The Southwest’s rich history includes three presidios of Arizona. Presidios were Spanish military forts built between 1500s and 1800s. Southern Arizona is home to three different presidios located in Tubac, Tucson, and near present day Sierra Vista.

Tubac was founded in 1752 (actually built in 1753). It remained a post until 1776. Tubac remained occupied by settlers and guarded by an escort of troops until 1781. That July, the Quechan Indians rose up at present day Yuma and slaughtered the Spaniards in the new settlement there. The government, feeling the loss in people and finances, withdrew everyone from Tubac. It wasn’t until 1787 that Tubac was reoccupied by a Pima Indian presidial company.
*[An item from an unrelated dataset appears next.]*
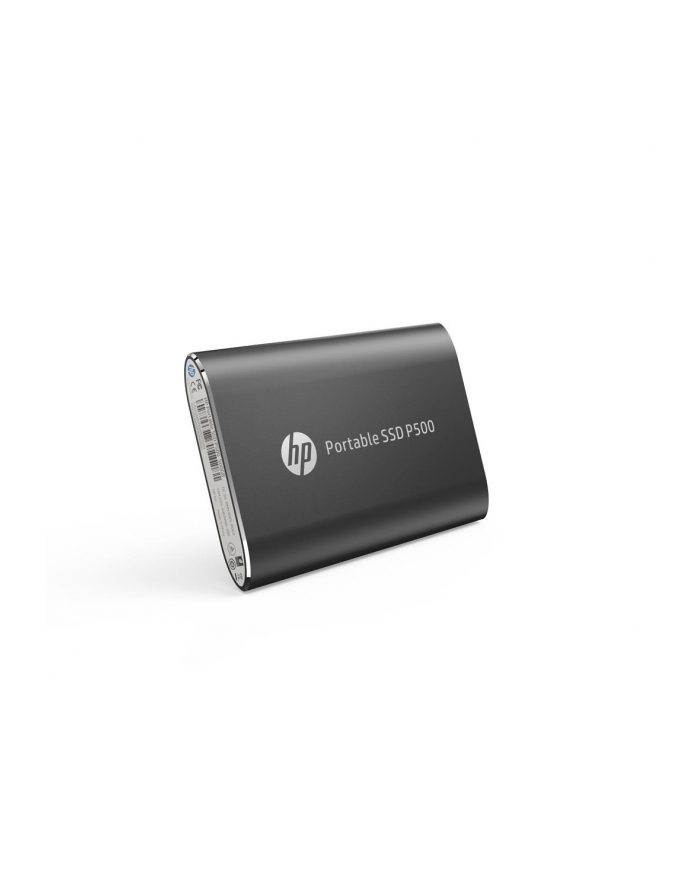 HP Dysk zewnętrzny P500 500GB, USB 3.1 Type-C, Czarny główny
Tubac remained garrisoned until unofficially abandoned in 1849. 

Tucson was founded in August of 1775. Building of the structure probably began the following October after the growing season. It was occupied in late October or early November of 1776. The fort initially had a small earthworks along the Santa Cruz River and Pennington (Calle de Arroyo) and had a wooden palisade along Church and the northern boundary .  By early 1783, after a large Apache attack, it was walled with thick adobe. The post was continually improved until it reached its maximum size of approximately 11 acres. Tucson was among the largest of the frontier presidios. Tucsons’ torreones (towers) were state of the art, allowing enfiladed defense along the walls. The square torreons are found on most post 1772 presidios.
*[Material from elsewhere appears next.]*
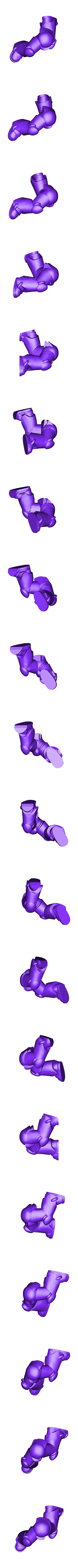 legs_4_mirror.stl 11 pairs of power armour legs - 28mm heroic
The Presidio de Terrenate near present day Sierra Vista was the second location for that post. It was moved to its northern location by Colonel Hugo O’conor in order to push the outposts farther north and to stand aside the primary raiding route of the Chiricahua Apache. The post was founded only a few days after Tucson in August of 1775 and the troop moved in during May of 1776, earlier than Tucson. Popular myth says that the northern Terrenate was abandoned because of depredations. The post was actually highly effective and raids on the Santa Cruz Valley dropped off. Two major battles were fought near Terrenate. Under the commander, Lt. Francisco Tovar, the garrison lost 29 soldiers. The second commander, Captain Francisco Trespalacios was killed with 20 soldiers near the ghost town of Fairbank. Terrenate was abandoned due to the impending war with Britain. In fact the new replacement post was only 35 miles south and stood at the edge of the Chiricahua Apache raiding trail. Eventually the third post was moved to where the town of Santa Cruz, Mexico still stands.